The midweek edition of the Morning Jolt features Bob Filner’s latest implausible excuses — just a big misunderstanding about hugs! — more revelations about Washington, D.C., from This Town, a troublesome series of decisions from some bloggers on the Right, and . . .
Cheney. Enzi. Let the Rumble Begin.
The good news: The breaking news that “Wyoming has just elected Liz Cheney its next senator” will probably prompt Democrats to feel like this:
The bad news: Get ready for a big, hard-fought, expensive primary in a state that’s pretty much guaranteed to elect a Republican anyway. Voter-registration statistics indicate Wyoming has 166,643 Republicans, 53,301 Democrats, 34,330 unaffiliated voters, 1,866 Libertarians, 295 Constitution Party voters,and 118 “other” voters.
Assuming every Republican votes in the primary, we’re looking at each candidate spending what, $12 per vote, minimum?
Ari Fleischer: “I’m a big fan of Liz Cheney. But not in this race.”
I think Kurt Schlichter articulates the view of a lot of Republicans that while Enzi may have amassed a conservative voting record, they’re largely unfamiliar with him as a combatant against the Obama administration — and that, ultimately, is what they feel the party needs most right now:
He needs to go because we can do better. It’s not about Mike Enzi or any other Republican politician. It’s about winning this war against progressivism, and if you aren’t leading the fight then bow out and make room for someone who will.
Liz Cheney will. The seat would hardly be at risk — the Wyoming GOP primary is better known as the Wyoming general election — so we can take the chance to do better. After all, Liz Cheney has something Enzi doesn’t — a taste for political combat.
She wants to win. Not to “compromise,” not to “work together,” not sit around singing “Kumbayah” with the liberals. She wants to win.
Enzi wants to be a sober, serious legislator working with his liberal friends across the aisle to make a better country. Except there are no friends across the aisle, and the liberals do not want to make this a better country. Liberals want to ruthlessly acquire and maintain power and control over every aspect of our lives, and anyone who does not see and understand that and who can’t commit to destroying their hideous plans for our country needs to get out the way for a true conservative warrior.
The Times, perhaps again thinking it was helping, noted that Enzi “avoids political talk shows because, he says, their goal is to get guests to ‘beat up on their colleagues.’”
Except we need GOP Senators to be willing to “beat up on their colleagues.” It’s not about collegiality in the cloakroom.
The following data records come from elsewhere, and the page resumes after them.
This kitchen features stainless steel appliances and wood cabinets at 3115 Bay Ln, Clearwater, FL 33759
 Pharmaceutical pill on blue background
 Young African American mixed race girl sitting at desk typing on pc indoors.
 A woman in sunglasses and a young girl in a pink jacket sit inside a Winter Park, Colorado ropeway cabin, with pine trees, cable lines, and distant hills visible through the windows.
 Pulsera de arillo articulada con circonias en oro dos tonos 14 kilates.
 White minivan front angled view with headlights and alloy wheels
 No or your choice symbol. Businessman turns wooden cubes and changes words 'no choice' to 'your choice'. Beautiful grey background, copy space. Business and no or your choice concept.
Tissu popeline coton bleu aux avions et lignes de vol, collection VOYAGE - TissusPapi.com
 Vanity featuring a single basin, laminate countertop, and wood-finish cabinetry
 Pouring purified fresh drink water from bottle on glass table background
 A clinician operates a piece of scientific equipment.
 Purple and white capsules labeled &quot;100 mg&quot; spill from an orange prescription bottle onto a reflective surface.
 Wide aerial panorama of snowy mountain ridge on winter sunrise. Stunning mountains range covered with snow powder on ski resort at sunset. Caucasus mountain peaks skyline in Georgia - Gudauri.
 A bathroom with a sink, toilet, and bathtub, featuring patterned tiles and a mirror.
We want you hated, despised, and targeted because that will mean you are getting something conservative done.
Expect some big guns to sit this one out, as Katrina Trinko reports: “Both Enzi and Cheney are top notch candidates who would slam dunk a general election, so this isn’t the the type of race we’d engage in,” Crossroads spokesman Jonathan Collegio e-mails. ‘We’re more concerned with primaries where certain results would lead to the Democrats winning.’”
So what will this election be about, besides her argument that it’s time for fresh faces and new blood, and his argument that she’s not really connected to the state, having only bought a house in Wyoming last year? Probably gay marriage.
Liz Cheney on gay marriage, back in 2009: “My family has been very clear about this: We think freedom means freedom for everybody. This is an issue states have to decide for themselves. . . . States have got to make this decision. . . . I certainly would not like to see a constitutional amendment you know, as was suggested in the last administration, banning it. This is an issue that the democratic process has to decide.”